_Voyage au coeur des glaciers suspendus : L'ascension photographique de Thomas Crauwels

  • Le temps d’une exposition, l’hôtel Beau-Rivage Genève a eu le plaisir d’accueillir entre ses murs les clichés en apesanteur du photographe Thomas Crauwels. Amoureux des montagnes, alpiniste invétéré et chasseur de tempêtes, l’artiste nous embarque dans un voyage entre ciel et terre. Chaque œuvre est une fenêtre vers l’immensité — un portrait grandiose et éminemment intime des plus beaux sommets des Alpes. À travers le regard de Thomas Crauwels, ces montagnes que l’on croyait immuables semblent soudainement évanescentes : plus que de superbes paysages, le photographe nous donne à voir un monde «d’au-dessus» fragile et désarmant de poésie. Rencontre entre les sphères avec un artisan du vertige.

  • Une histoire d’élévation

    La fascination de Thomas Crauwels pour les cimes tient de la coïncidence, de la rencontre — ou peut-être est-ce un coup du destin. Entre la Belgique natale du photographe — son «plat pays» — et les sommets alpins, le contraste est immense; il y a tout un monde. Rien ne laissait présager que cet ingénieur en informatique trouverait son jardin secret à 4000 mètres d’altitude. 

    Arrivé en Suisse un peu par hasard, il y a de cela une quinzaine d’années, Thomas tombe amoureux de ces paysages qui lui sont encore inconnus. Commence alors une ascension progressive, palier par palier, une quête de beauté et de sommets suspendus. «  Il y a toujours eu un peu de photographie autour de moi. Mon grand-père faisait des portraits de la famille. Il développait ses photos lui-même. Mais c’est une passion qui m’est vraiment venue au moment où j’ai découvert les Alpes. C’est la montagne qui m’a emmené à la photographie. Le hasard fait bien les choses puisque c’est aussi à ce moment-là que la technologie numérique a pris un nouvel essor et que des outils offrant une bien meilleure qualité de photos se sont démocratisés. Tout cela m’a permis de me professionnaliser, de montrer ce que j’avais envie de montrer ».

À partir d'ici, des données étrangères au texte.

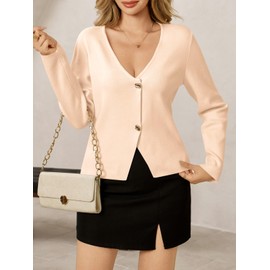 Saodimallsu Womens V Neck Cardigans Long Sleeve Button Down Cropped Knit Trendy Front Slit Dressy Casual Fall Sweater Blazers Apricot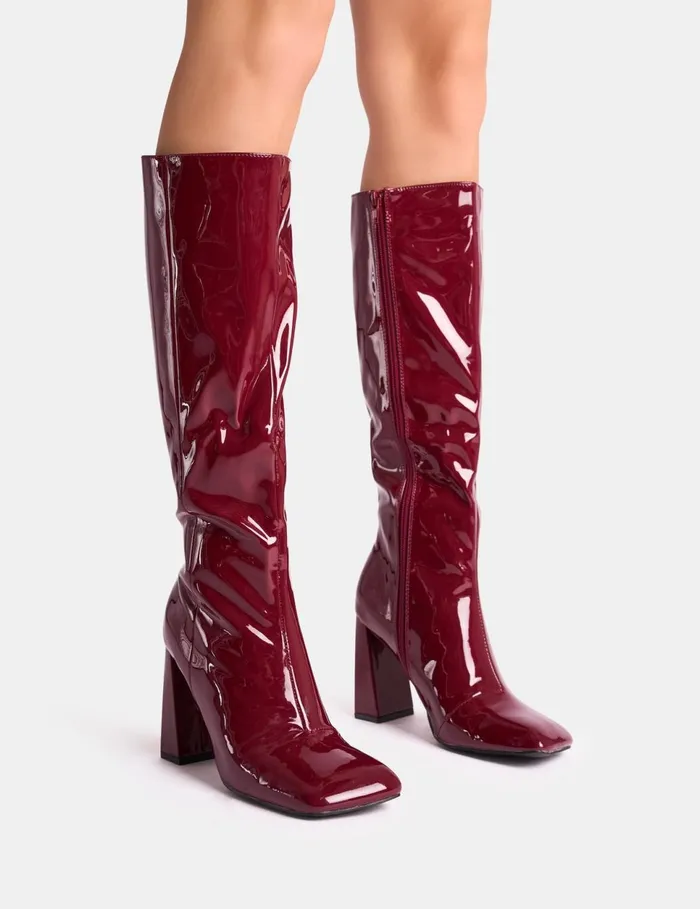 Women Zoya Burgundy Patent Slant Toe Block Heel Knee High Sock Boots Burgundy Public Desire Block Heels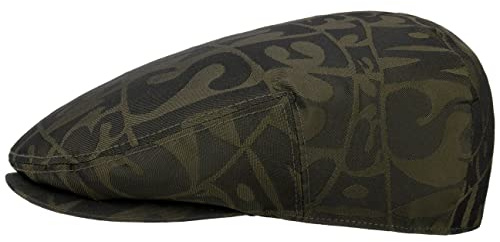 Stetson Kent Lettering Jacquard Flatcap Zweifarbige Herren Wasserabweisende Schiebermütze Made in EU Herbst Winter Oliv S (54-55 cm)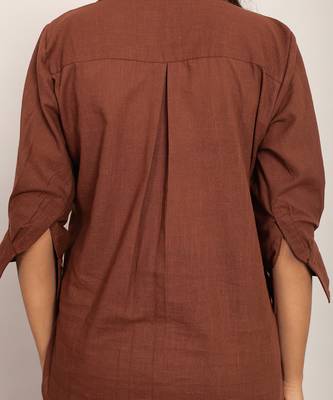 Brown cotton slub solid shirts 6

    Mais ces géants millénaires de roche et de glace sont infiniment plus fragiles qu’ils n’y paraissent, menacés par le réchauffement climatique. Le photographe se sent investi d’une mission : par le biais de son objectif, il tente de préserver la mémoire de ces sommets. «Je suis arrivé en Suisse lors d’un point de bascule, nous confie-t-il, à un moment où l’on commençait à se préoccuper d’écologie, et où les effets du dérèglement commençaient à s’accélérer.»

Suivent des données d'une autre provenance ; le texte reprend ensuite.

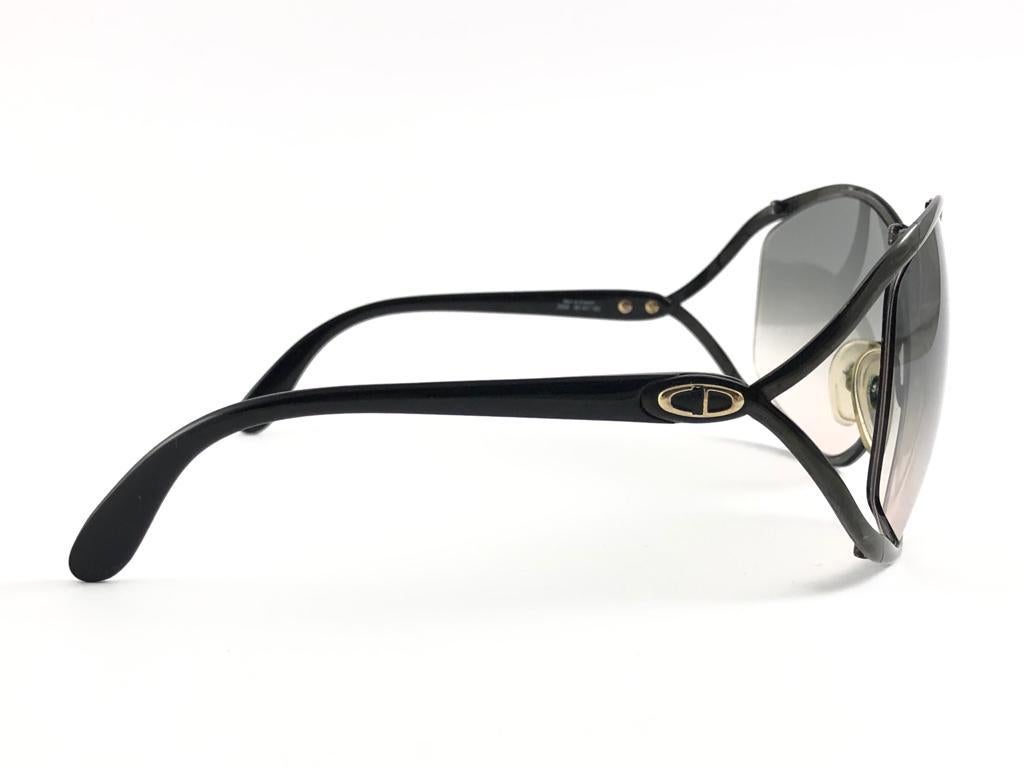 New Vintage Christian Dior 2056 90 Butterfly Metallic Black Sunglasses 1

  • AU COEUR DES GLACIERS - Témoignage de la beauté et de l'art naturel des glaciers suisses

    AU COEUR DES GLACIERS - Témoignage de la beauté et de l'art naturel des glaciers suisses

  • Afin d’éveiller les consciences, Thomas Crauwels souhaite avant tout transmettre les émotions qui le traversent lorsqu’il part à l’assaut des montagnes : cette sensation de grandeur, ce vertige, cette pureté — effleurer l’inaccessible. Une élévation, oui, à la fois physique et spirituelle, un périple introspectif par lequel l’artiste se fait alpiniste et l’alpiniste, artiste. Thomas se présente ainsi : «Avant tout, je me considère comme photographe. Pendant des années, j’ai pris des photos de très hauts sommets — à plus de 4000 mètres — depuis d’autres cimes, moins élevées et “randonnanables”. Au fil des années, j’ai voulu changer de point de vue, aller plus haut encore; je suis donc devenu alpiniste pour y parvenir. Il se passe quelque chose au-dessus à une telle altitude… c’est un vrai voyage.»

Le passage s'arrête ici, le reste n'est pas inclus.